Lorsque l’OTAN fut fondée au lendemain de la Seconde Guerre mondiale, son objectif principal était clair : contenir l’expansion soviétique. Pendant toute la Guerre froide, Moscou fut au cœur des préoccupations sécuritaires de l’Alliance. Après l’effondrement de l’URSS, l’organisation militaire s’est transformée, élargissant ses missions, mais sans jamais perdre de vue la Russie comme source potentielle d’instabilité. Ce statu quo a basculé en 2014, lorsque l’annexion de la Crimée par Moscou a ravivé les tensions, réactivant la menace russe dans l’imaginaire stratégique occidental. Toutefois, au fil des années, un autre acteur s’est discrètement imposé dans l’équation : la Chine. D’abord perçue comme une puissance économique, elle s’affirme aujourd’hui comme un rival militaire de premier ordre, redessinant les contours du défi auquel l’OTAN fait face.
Le virage pris par l’Alliance n’est donc pas le fruit d’un basculement soudain, mais le résultat d’un double constat : d’un côté, une Russie qui multiplie les provocations militaires sur le flanc Est de l’Europe ; de l’autre, une Chine dont les ambitions dans l’espace indo-pacifique suscitent de vives inquiétudes, en particulier à propos de Taïwan.
Une montée en puissance chinoise qui interroge
Présent lors d’un point d’information précédant le sommet de l’OTAN à La Haye, Mark Rutte, secrétaire général de l’Alliance, a mis en garde ce mardi, contre l’ampleur des capacités militaires que la Chine développe à un rythme soutenu.
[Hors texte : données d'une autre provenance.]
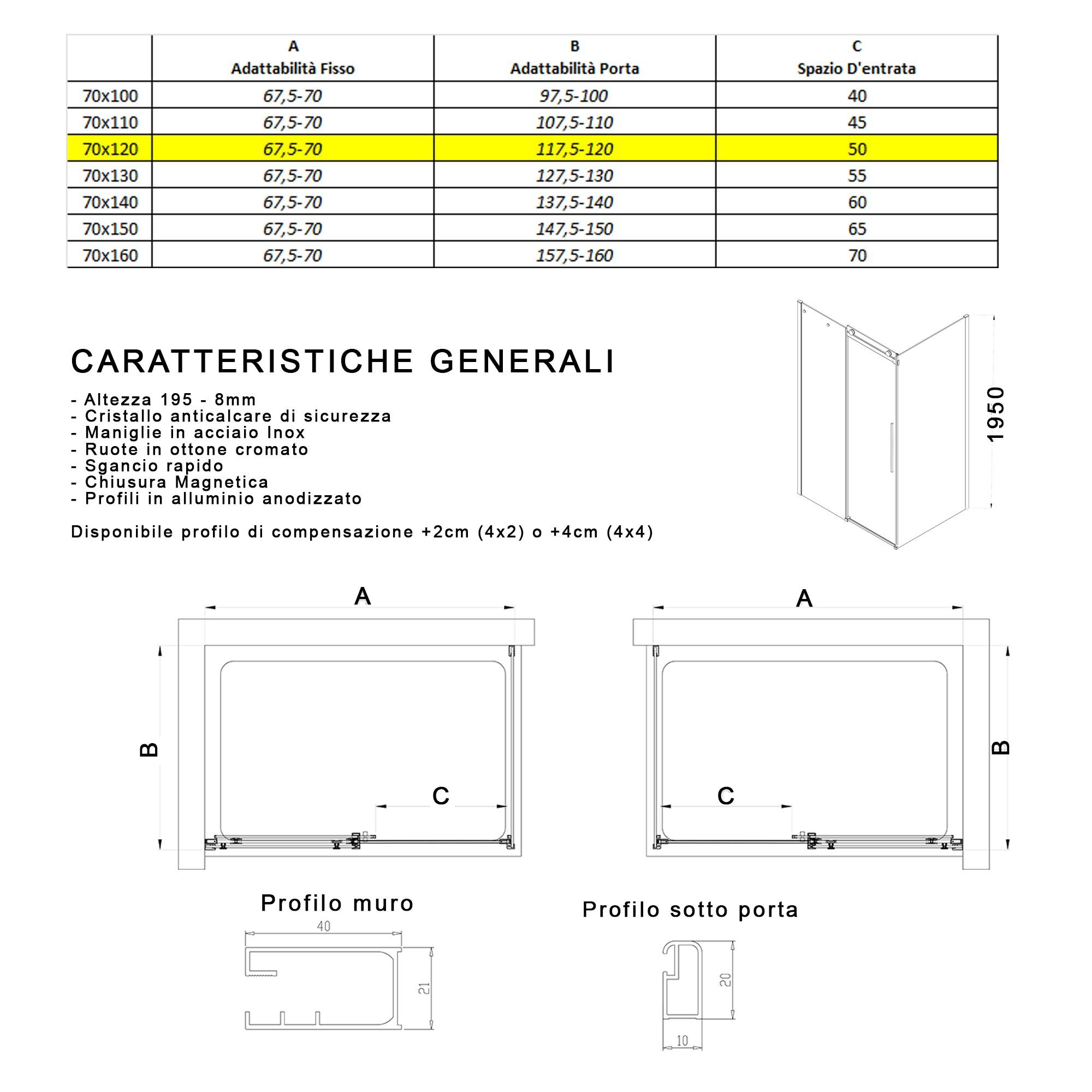 Box Doccia Angolare 70x120 cm 1 Anta Scorrevole in Cristallo Fumè 8mm H195 Bonussi Alina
Ce n’est pas uniquement une question de budget ou d’armement, mais de logique industrielle. Pékin, en quelques années, a propulsé plusieurs de ses groupes dans le peloton de tête des fournisseurs mondiaux de défense. Ce bond est loin d’être anodin : il reflète un tournant stratégique dont les répercussions dépassent la région asiatique.
L’évolution du complexe militaro-industriel chinois, combinée à une rhétorique de plus en plus affirmée sur Taïwan, inquiète les partenaires de l’OTAN dans la zone pacifique. Des pays comme le Japon ou l’Australie, bien que non membres, entretiennent désormais une coopération approfondie avec l’Alliance. Cette collaboration n’est pas théorique : elle répond à une crainte partagée d’un basculement militaire aux conséquences globales.
Moscou et Pékin : des tensions croisées qui fragilisent l’équilibre
Le scénario d’une confrontation autour de Taïwan ne laisse pas les alliés de l’OTAN indifférents. Au contraire, il alimente une inquiétude stratégique plus large : en cas d’escalade en Asie, la Russie pourrait tirer parti de la distraction des puissances occidentales pour intensifier ses propres initiatives en Europe. Un conflit à l’Est de l’Asie détournerait ressources, attention diplomatique et capacités militaires vers le Pacifique, affaiblissant temporairement la surveillance et la dissuasion sur le flanc oriental de l’Alliance.
Le Kremlin n’aurait pas besoin d’un alignement formel avec Pékin pour agir. Il lui suffirait de tirer profit d’un vide ou d’un relâchement de la pression. Ainsi, l’idée d’un front simultané – l’un en mer de Chine, l’autre à la frontière ukrainienne ou ailleurs en Europe – devient une hypothèse crédible dans les cercles stratégiques. Cette dynamique à double foyer constitue précisément le type de scénario que les responsables de l’OTAN cherchent à anticiper dans leurs préparatifs de défense.
L’OTAN fait aujourd’hui face à deux puissances dont les stratégies se complètent sans nécessairement s’aligner. La Russie joue la carte de l’instabilité régionale, tandis que la Chine bâtit une force de dissuasion à portée mondiale. Ce tandem, qu’il soit coordonné ou non, force l’Alliance à renforcer ses capacités, resserrer ses liens et repenser son périmètre d’action. La défense collective n’est plus seulement une promesse de paix, mais une réponse structurée à une géopolitique devenue instable et imprévisible.